Voici un sympathique mélange qui fait fi des étiquettes dont raffolent certains de nos contemporains. L’Angleterre et l’Inde où se déroule l’histoire font bien sûr penser à l’époque victorienne dans laquelle les dirigeables donnent un verni de steampunk, mais la partition des êtres humains entre denas et lynes offre une peinture de la société tout à fait originale. Si le mot « magie » est parfois prononcé, c’est d’énergie dont il est question la plupart du temps, ce qui nous ramène à la frontière floue entre le fantastique et la science-fiction dont nous ne débattrons pas ici.
Les denas, donc, fournissent l’énergie dont les lynes ont besoin, pour vivre tout d’abord, mais aussi pour faire fonctionner des appareils qui en consomment, et, parfois pour utiliser les pouvoirs qu’ils possèdent. On pourrait penser que les denas possèdent les moyens pour dominer les lynes totalement dépendants de cette énergie. Or, il n’en est rien. Dans cette société, les lynes représentent la classe dirigeante et ce qui va avec : richesse, pouvoir politique… Malgré tout, il existe une symbiose de fait, plus ou moins consentie.
C’est dans ce contexte que se déroule l’intrigue qui mêle enquête policière et aventure fantastique. Une insaisissable violeuse d’énergie, qui n’hésite pas à accaparer la totalité de l’énergie de ses victimes au point de les tuer, refait surface après plusieurs années durant lesquelles on a perdu sa trace. Liliana, excellente enquêtrice et garde royale de Sa Majesté, ainsi qu’Amiya, le seul denas ayant survécu à l’attaque de la violeuse, vont tenter d’appréhender la meurtrière.

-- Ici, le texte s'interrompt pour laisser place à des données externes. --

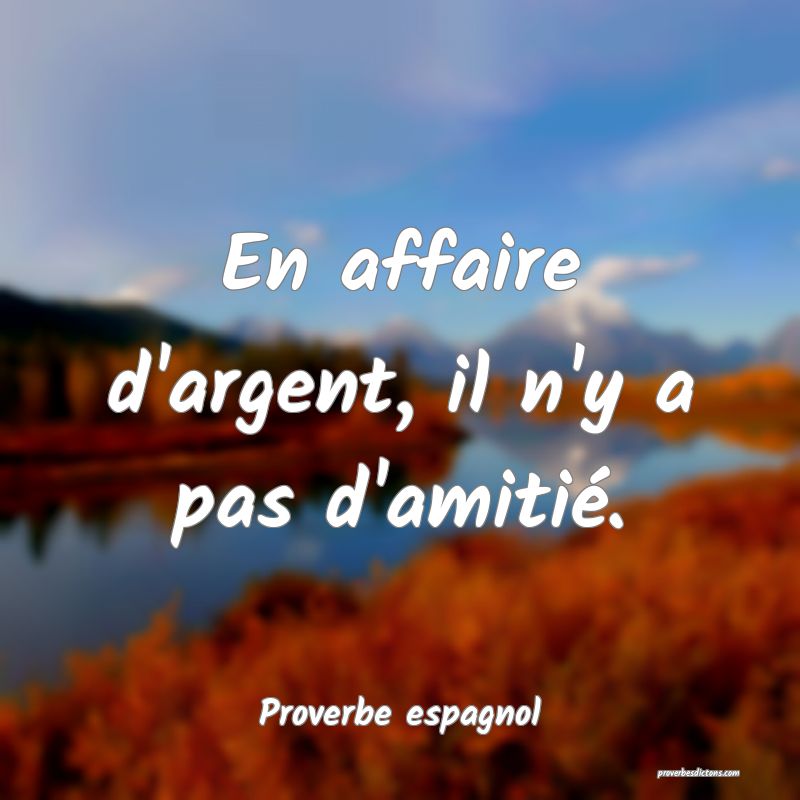 En affaire d'argent, il n'y a pas d'amitié.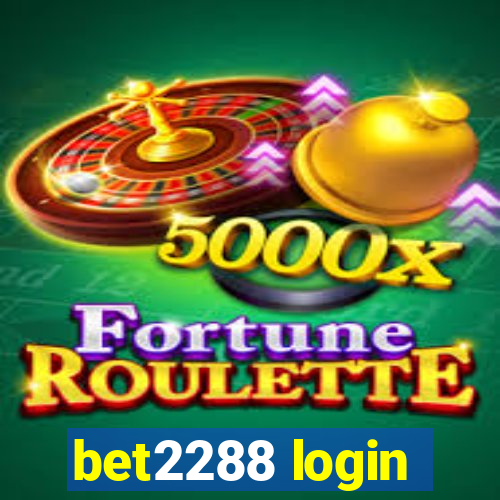 bet2288 login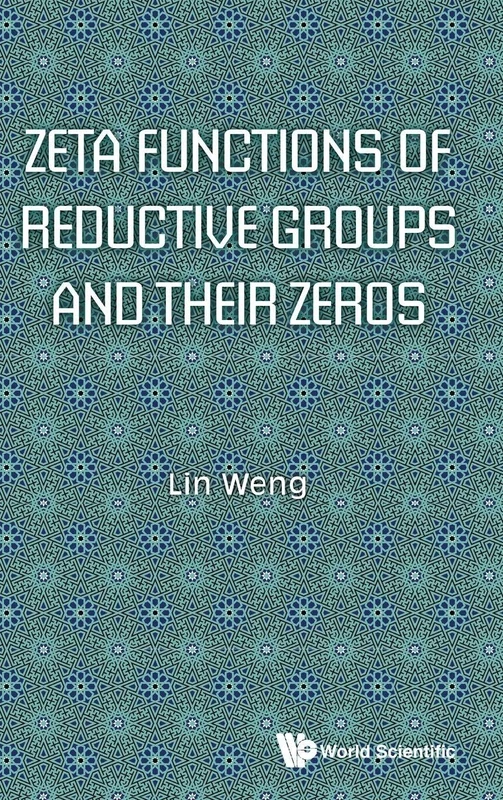 Zeta Functions Of Reductive Groups And Their Zeros (Algebraic Geometry Algebraic T)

2-La singularité de ce roman

Sur ce thème qui peut sembler classique au premier abord, Célia Flaux nous entraîne, avec une grande sensibilité, sur divers chemins narratifs qui, au-delà de la pure aventure, ne peuvent manquer d’interpeller le lecteur sur des sujets contemporains et humains.
Tout d’abord, le récit oscille entre les points de vues des divers protagonistes, en particulier ceux de Liliana et d’Amiya, tout en conservant la première personne. Si le procédé peut parfois déstabiliser le lecteur inattentif, il a le mérite de le faire pénétrer dans l’intimité des personnages, au point qu’on ne puisse rien ignorer de leurs grandeurs et de leurs faiblesses, de leurs désirs, de leurs angoisses, de leurs dilemmes. Comme je l’ai dit plus haut, le style de Célia Flaux est sensible et profondément humain, ce qui rend particulièrement émouvante, vue de l’intérieur, la perception qu’ont les héros des événements qu’ils traversent et ressentent.
On appréciera également la peinture de la société et de son environnement. C’est une peinture que je qualifierai d’impressionniste, car elle nous est proposée par touches successives. Si les personnages sont au centre de l’écriture, le milieu dans lequel ils évoluent, que ce soit à Londres ou en Inde, prend corps progressivement à travers le comportement des personnages secondaires, mais aussi grâce aux parcelles de couleur des paysages, villes, villages et lieux d’habitations que le lecteur traverse.

Il serait trop long ici d’aborder tous les sujets de société ou de relations humaines qui sont abordés à travers les péripéties que vont vivre les héros. Je souhaiterais cependant citer un point qui, à mon sens, constitue la clé de voûte de ce roman : donner et recevoir.
L’anergie est une forme d’affection qui, pour les denas se présente sous la forme d’une hantise à donner son énergie, et, pour les lynes au contraire, une appréhension à recevoir cette énergie. Célia Flaux nous montre avec finesse que donner et recevoir sont deux aspects d’un même acte d’humanité. Il n’est pas forcément plus facile de recevoir que de donner. Il y a en effet dans ces deux comportements, une symétrie qui nécessite une abnégation aussi bien du côté du donneur que de celui qui reçoit. Ce sujet, d’une profondeur étonnante quand on réfléchit, est en permanence sous-jacent à l’intrigue. C’est le comportement des héros vis-à-vis de cet aspect qui donne tout son sens à l’évolution de leur psychologie au cours de l’histoire.

3-A qui s’adresse ce roman

Je me garderai de mettre une étiquette « à partir de tel âge », car il existe plusieurs niveaux de lectures de cette histoire. Elle s’adresse autant aux lecteurs qui voudront seulement se laisser emporter par une intrigue passionnante aux multiples rebondissements, qu’à ceux qui, à travers ce livre, découvriront des aspects sociaux et humains qui donnent à réfléchir.